As it turned out, Steve was never around on the weekends (it was Saturday), and I realized it was a good thing we drove over because I never would’ve gotten anyone on the phone. The young man happened to be a WWOOFer from Maryland working at Wade’s Landing. He was wearing a red Boston University sweatshirt, so for the sake of anonymity I will call him B.U.
B.U. helped answer some questions. Yes, we could do our trip. In fact, he and his mute Monopoly playing friend would be joining us on the river. No, there weren’t any kayaks available, so we’d have to take a canoe. We should show up tomorrow before 7:30 A.M. to pack and leave for the river. I inquired about our “reservation” and he conveyed that this wasn’t a well run business (what a shocker!), but regardless, our trip was a go, so at least there was that.
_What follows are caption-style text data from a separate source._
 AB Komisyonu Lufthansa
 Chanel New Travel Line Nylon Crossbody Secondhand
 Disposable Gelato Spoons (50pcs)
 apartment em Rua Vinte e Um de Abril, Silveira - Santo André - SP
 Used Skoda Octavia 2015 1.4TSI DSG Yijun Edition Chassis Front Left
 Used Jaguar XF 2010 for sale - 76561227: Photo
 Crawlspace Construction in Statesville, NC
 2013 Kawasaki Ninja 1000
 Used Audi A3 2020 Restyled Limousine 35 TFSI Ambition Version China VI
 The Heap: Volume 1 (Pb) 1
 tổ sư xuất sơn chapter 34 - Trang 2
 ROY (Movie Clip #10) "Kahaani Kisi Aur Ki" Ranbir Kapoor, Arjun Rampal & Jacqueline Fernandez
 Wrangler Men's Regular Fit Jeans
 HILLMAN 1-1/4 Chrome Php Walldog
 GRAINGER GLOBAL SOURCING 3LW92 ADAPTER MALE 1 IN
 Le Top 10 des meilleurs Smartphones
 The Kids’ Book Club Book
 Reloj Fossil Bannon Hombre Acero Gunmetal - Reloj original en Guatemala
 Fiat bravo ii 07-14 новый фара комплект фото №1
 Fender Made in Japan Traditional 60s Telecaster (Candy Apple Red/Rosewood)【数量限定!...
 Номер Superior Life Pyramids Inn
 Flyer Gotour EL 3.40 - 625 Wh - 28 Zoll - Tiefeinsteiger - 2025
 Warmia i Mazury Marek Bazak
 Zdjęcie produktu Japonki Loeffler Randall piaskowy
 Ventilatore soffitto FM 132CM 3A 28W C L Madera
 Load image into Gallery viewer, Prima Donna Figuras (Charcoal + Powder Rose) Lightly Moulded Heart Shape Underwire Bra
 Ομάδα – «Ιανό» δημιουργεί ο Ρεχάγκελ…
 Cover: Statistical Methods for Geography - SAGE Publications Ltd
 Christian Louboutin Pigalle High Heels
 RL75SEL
(Wade’s Landing: Satisfaction Guaranteed)
Cut to the next morning where we dutifully arrive at 7:15 A.M. to find no one around. It's a ghost town. Once inside I hear rustling in the kitchen and find myself yet again calling out, “Hello?” B.U. appears. It’s obvious he’s frantically getting ready for the trip. He gives us some “water tight” barrels to pack our things in. They’re scratched up with bent, rusted rims. With a little elbow grease we make them functional. We'd pre-packed everything needed on the trip, so we were ready to hit the road in about five minutes. Since no one else was ready, we sat down and drank tea from our thermos. I watched B.U. and Mute Boy toss supplies into barrels willy-nilly. Another man appeared wearing glasses. “Are you Steve?” I asked. No. He was Jack and he was going to drive us to the river, he just needed to get some petrol first.
(Wade’s Landing: Prepared To Make Your Trip Memorable)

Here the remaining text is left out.